Overall, this is not going to be the fastest GPU, but if it is a single-slot GPU that is simply needed in some systems or is desirable compared to dual-slot GPUs like the A100’s we saw in our recent ASUS RS720A-E11-RS24U Review.


The second GPU being announced is the NVIDIA A16. This is a 4x Ampere GPU with 16GB of memory per GPU on a single PCIe card. If you saw our NVIDIA GRID M40 with 4x Maxwell GPUs and 16GB RAM cards piece you will see the lineage back to Maxwell.

Feature Type A16
GPUs/board Architecture 4 GPUs on one board – NVIDIA Ampere
Memory Size 64 GB GDDR6 (16 GB per GPU)
vGPU Software Support NVIDIA Virtual PC (vPC)

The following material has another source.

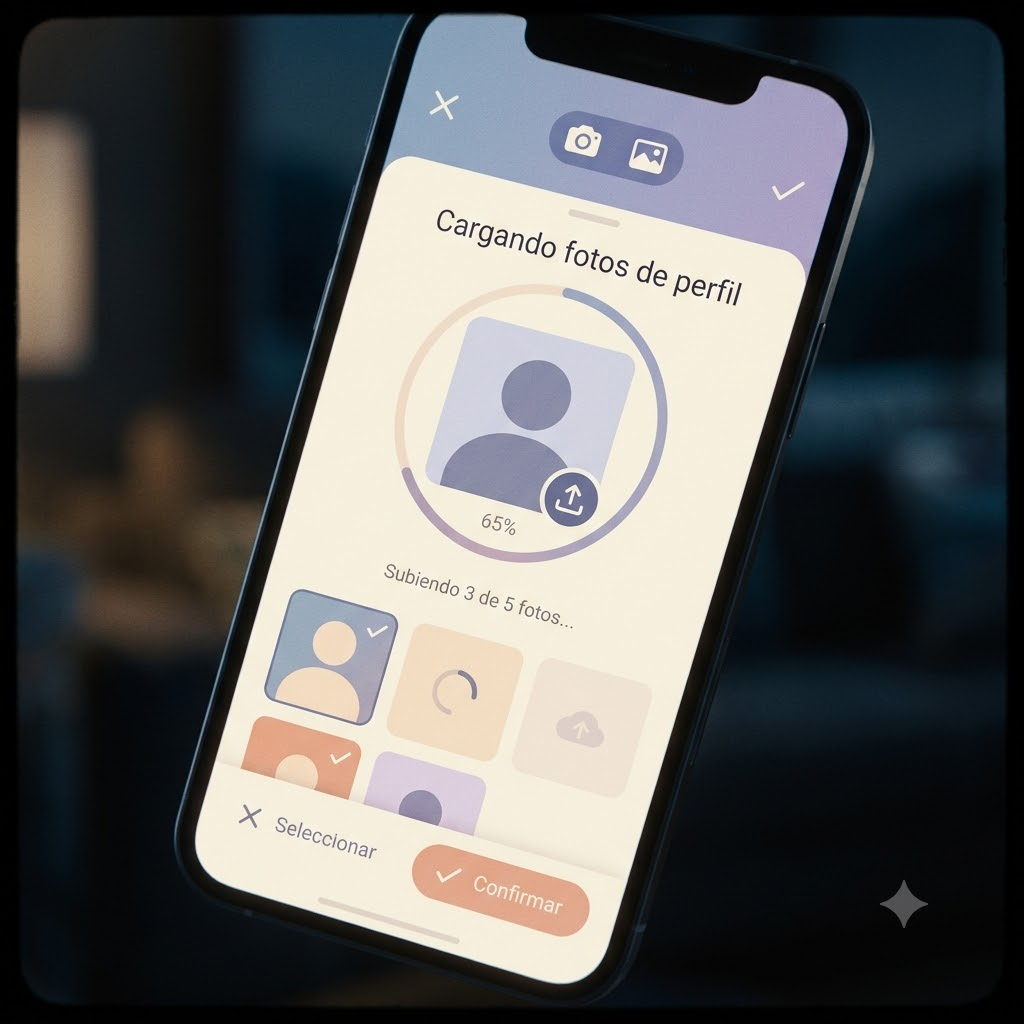 image-5 Cómo ver tu rostro en otra época con una app gratuita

NVIDIA Virtual Applications (vApps) NVIDIA RTX Workstation (vWS) NVIDIA Virtual Compute Server (vCS)

vGPU Profiles (GB) 1, 2, 4, 8, 16
Media Acceleration 4x NVENC, 8x NVDEC
Video Codec (Encode) H.264/H.265 (+4:4:4)
Form Factor FHFL Dual Slot
Max Power Consumption 250W
Graphics Bus PCIe Gen 4
NEBS ready Yes
Power Connector 8-pin CPU

The primary market for this type of GPU is in the VDI market. One can have smaller GPUs and give VMs physical GPUs or parse out each of these smaller GPUs to multiple users.

NVIDIA A4000 and A5000 GPUs

One of the big differentiators between the A10 and A16 GPUs versus these A4000 and A5000 GPUs is the fact that the A10/ A16 do not have display outputs while the A4000 and A5000 do. We can think of the A4000 and A5000 GPUs as coming from the line formerly called “NVIDIA Quadro”.


The NVIDIA A4000 is the lower-end GPU of the two. At only 140W and with less memory than the A10, this also has four DisplayPort outputs.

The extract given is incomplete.